**About this task**. Drop the images, then output the listing exactly.
- - -
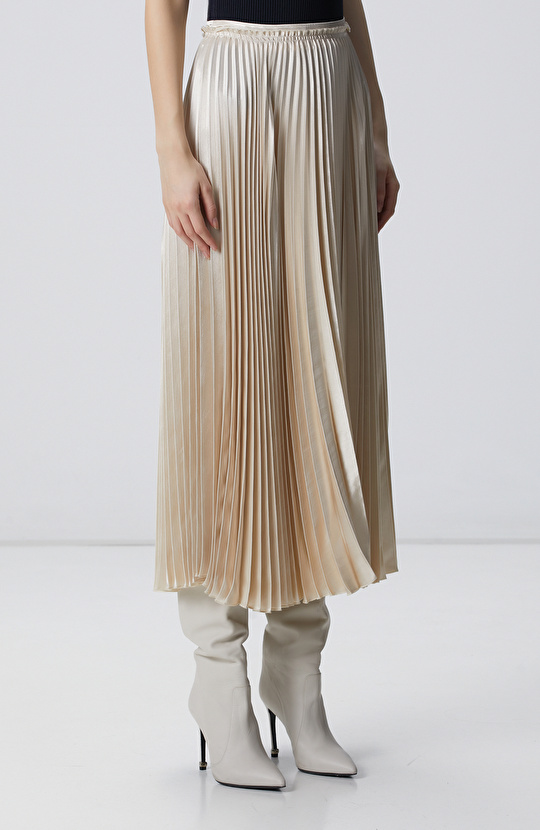 Kırık Beyaz Piliseli Maxi Etek 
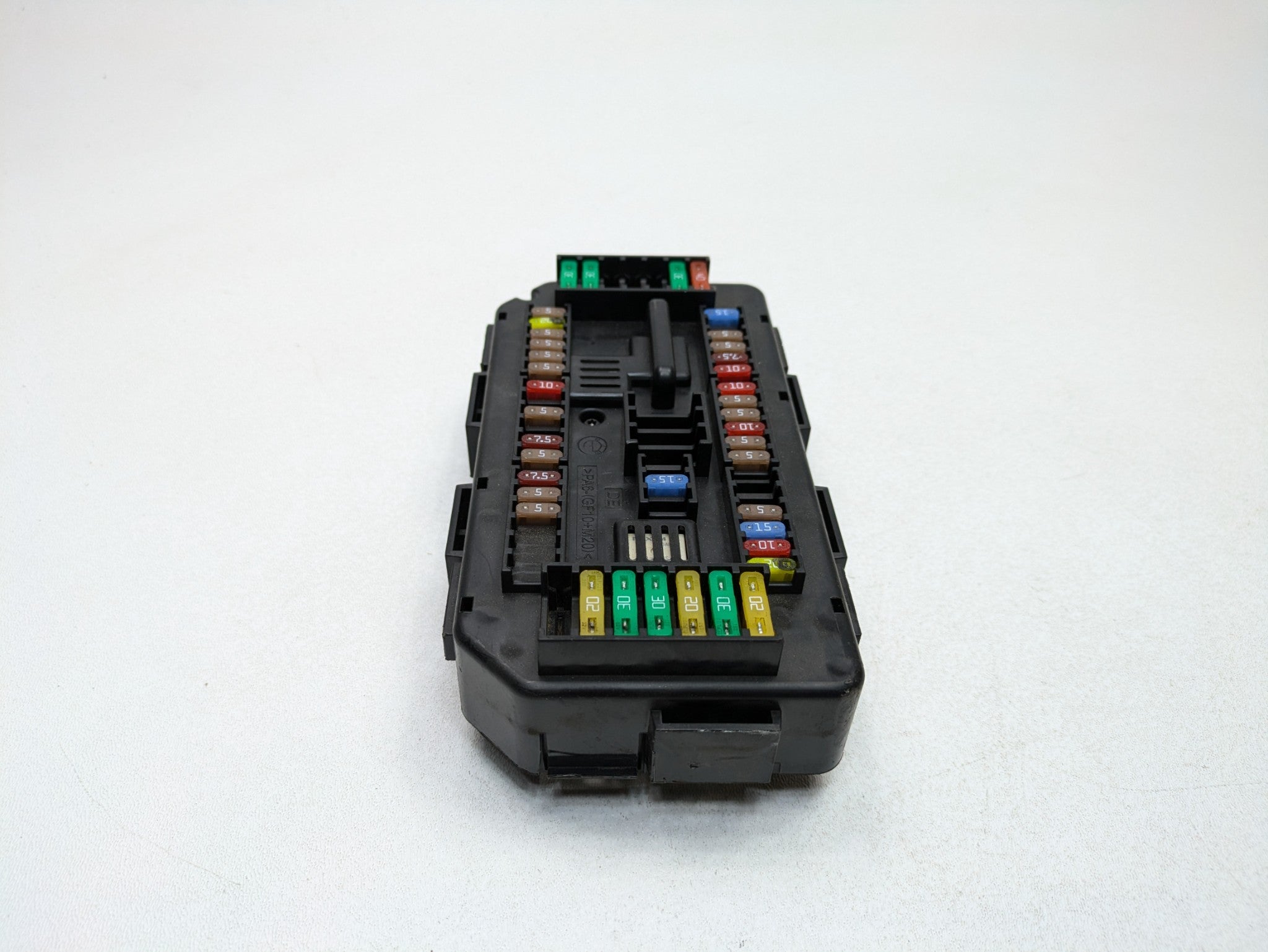 2016 - 2019 OEM BMW 330I POWER DISTRIBUTION FUSE RELAY JUNCTION BOX 2.0 L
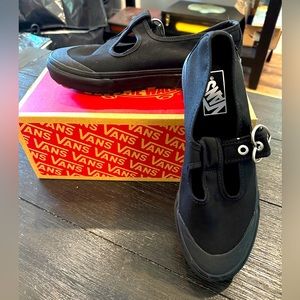 Vans Style 93 size 6 boys/ 7.5 womens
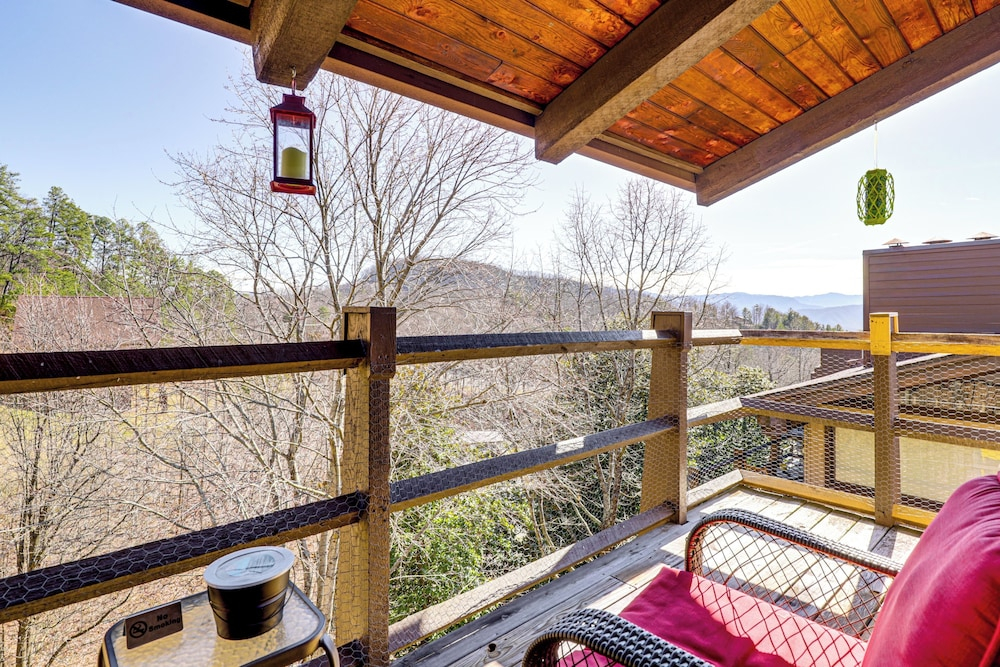 4 Mi to Forbidden Caverns! Mtn-view Gem in Smokies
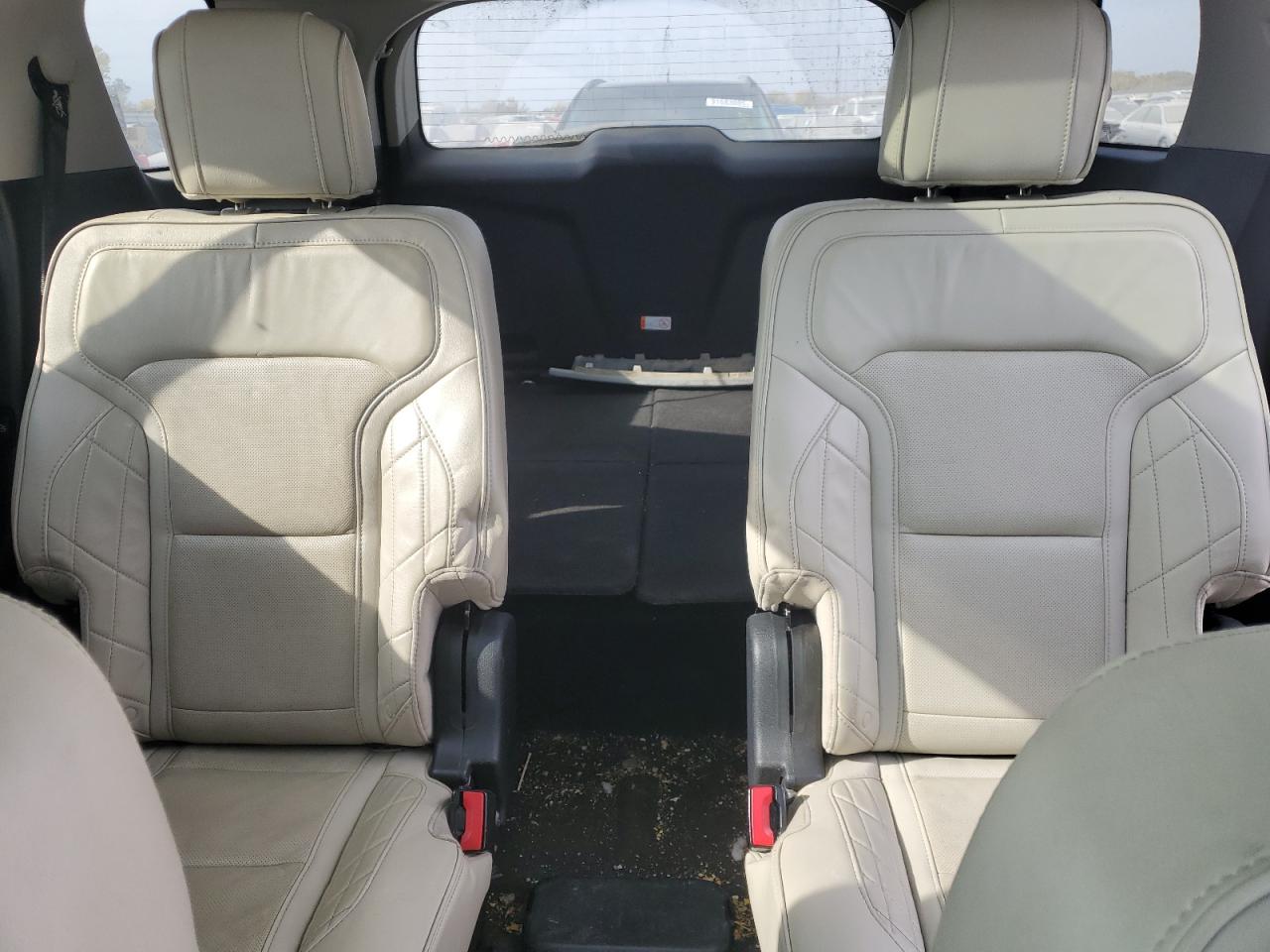 FORD EXPLORER PLATINUM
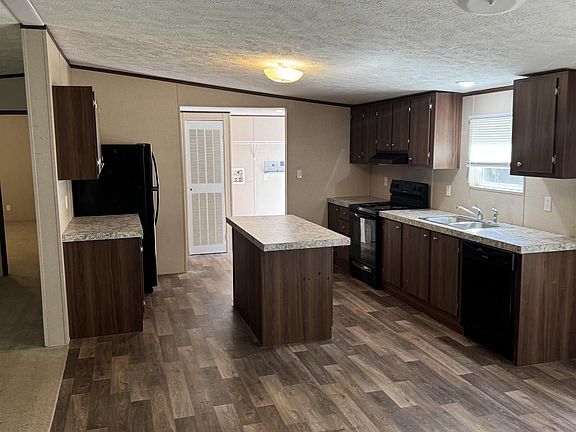 5th image of 21 Hughes Rd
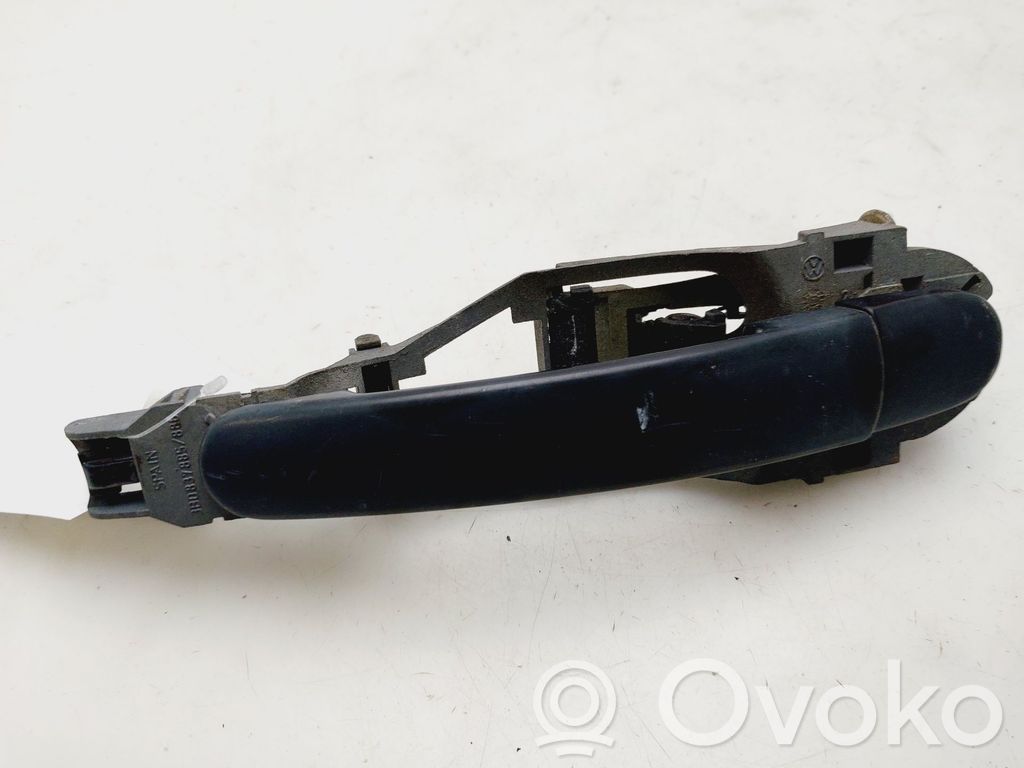Manecilla externa puerta delantera   3B0837885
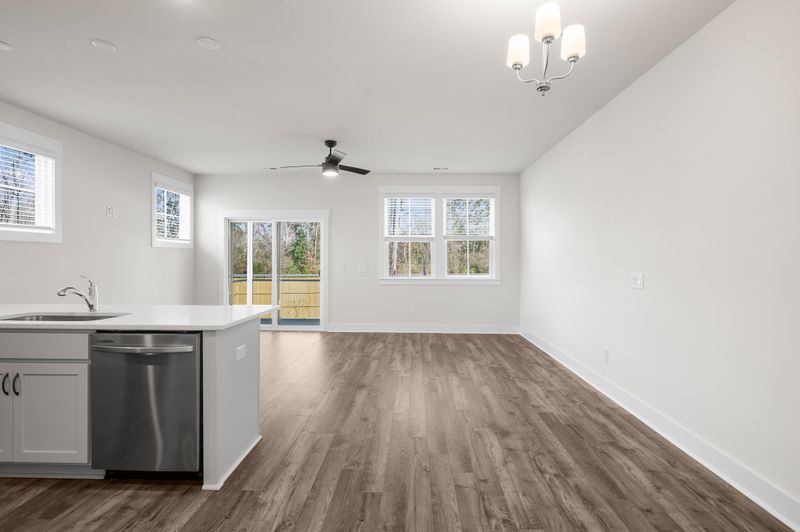 347 Bremerton Dr, Goose Creek, SC 29445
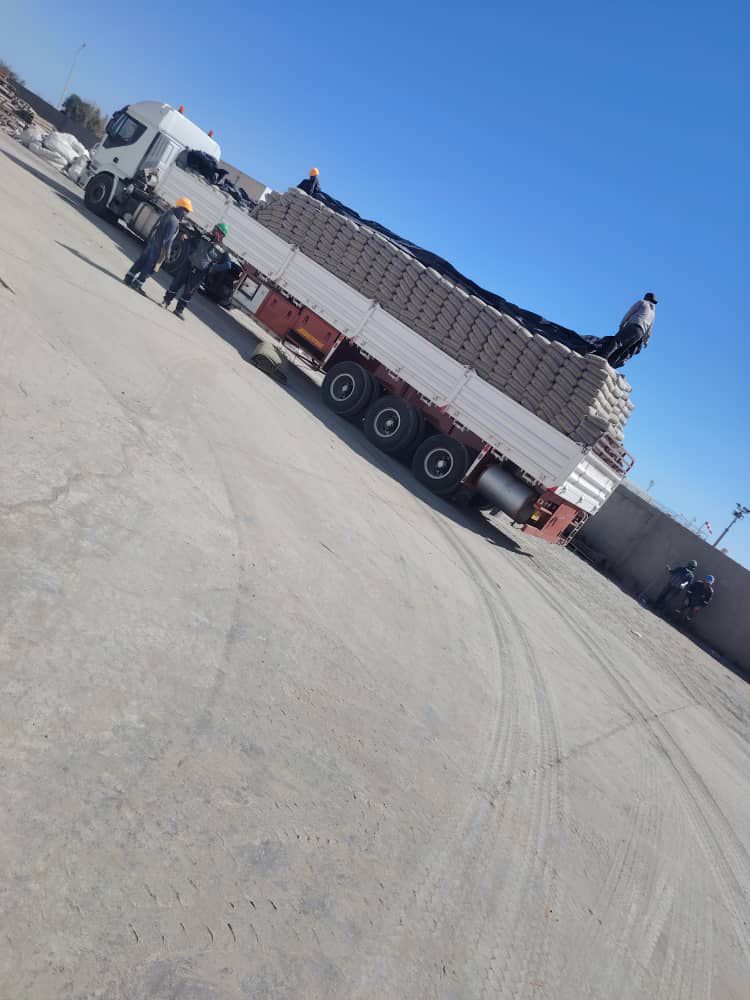 عمال يحملون أكياس الأسمنت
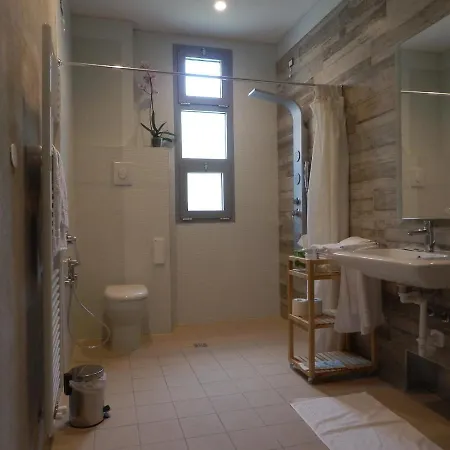 Bb Sharingloft Bed & Breakfast 3*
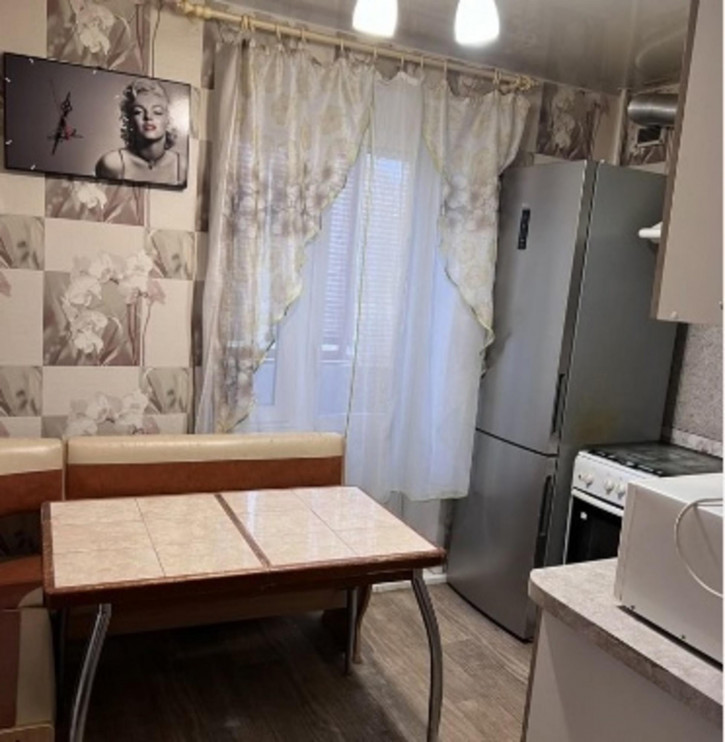 1-комн квартира Свободы улица, 147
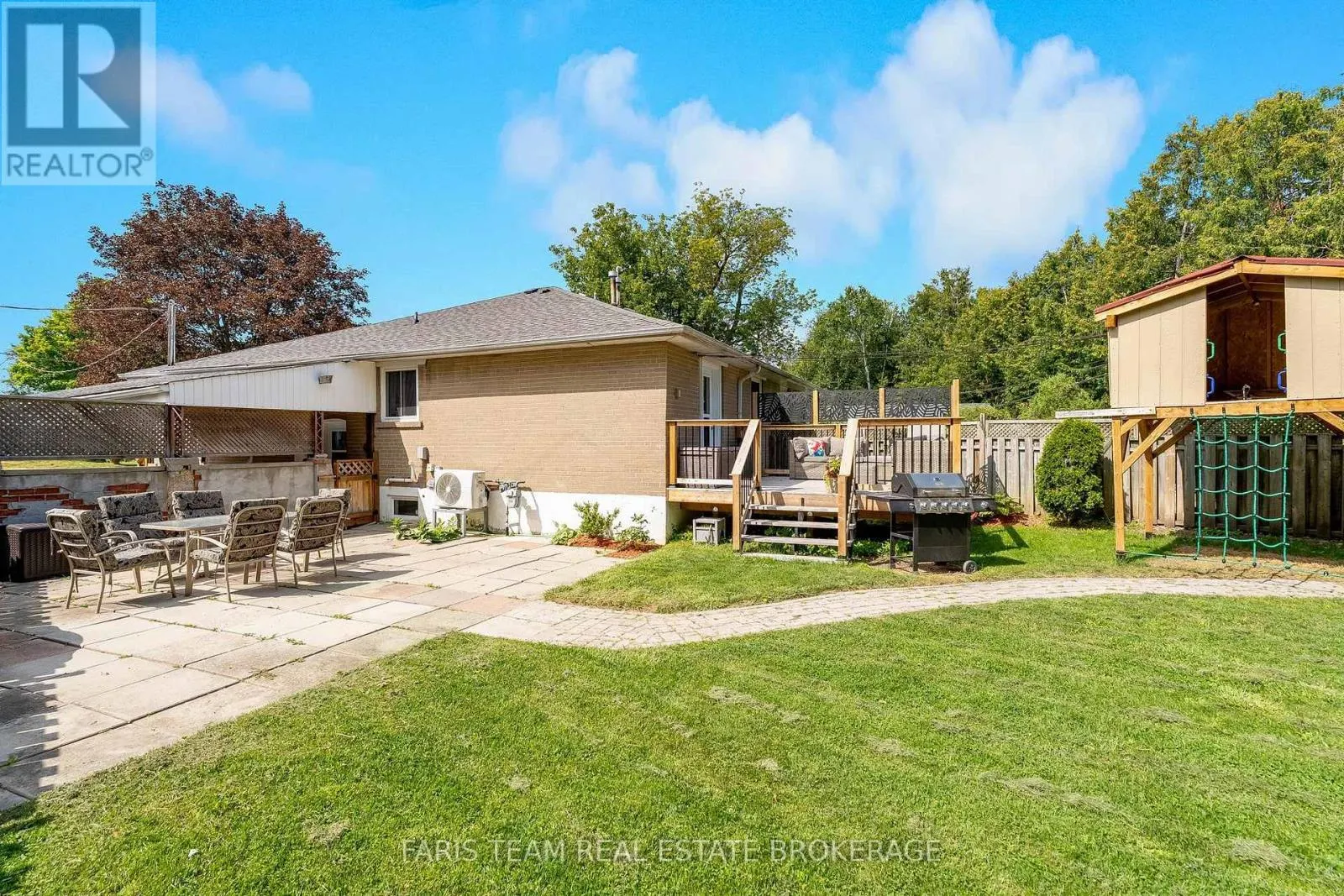 107 WILLOW LANE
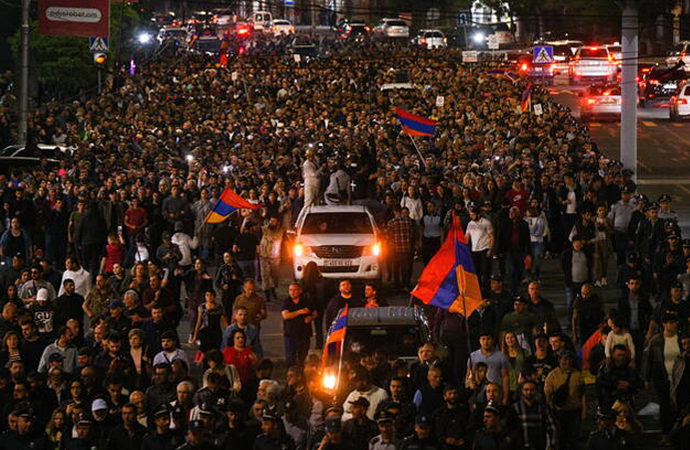 Ermenistan’da neler oluyor?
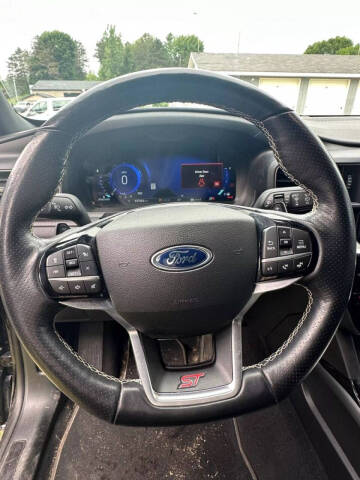 2022 Ford Explorer ST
- - -
**Result for this exercise**.
 Kırık Beyaz Piliseli Maxi Etek 
 2016 - 2019 OEM BMW 330I POWER DISTRIBUTION FUSE RELAY JUNCTION BOX 2.0 L
 Vans Style 93 size 6 boys/ 7.5 womens
 4 Mi to Forbidden Caverns! Mtn-view Gem in Smokies
 FORD EXPLORER PLATINUM
 5th image of 21 Hughes Rd
Manecilla externa puerta delantera   3B0837885
 347 Bremerton Dr, Goose Creek, SC 29445
 عمال يحملون أكياس الأسمنت
 Bb Sharingloft Bed & Breakfast 3*
 1-комн квартира Свободы улица, 147
 107 WILLOW LANE
 Ermenistan’da neler oluyor?
 2022 Ford Explorer ST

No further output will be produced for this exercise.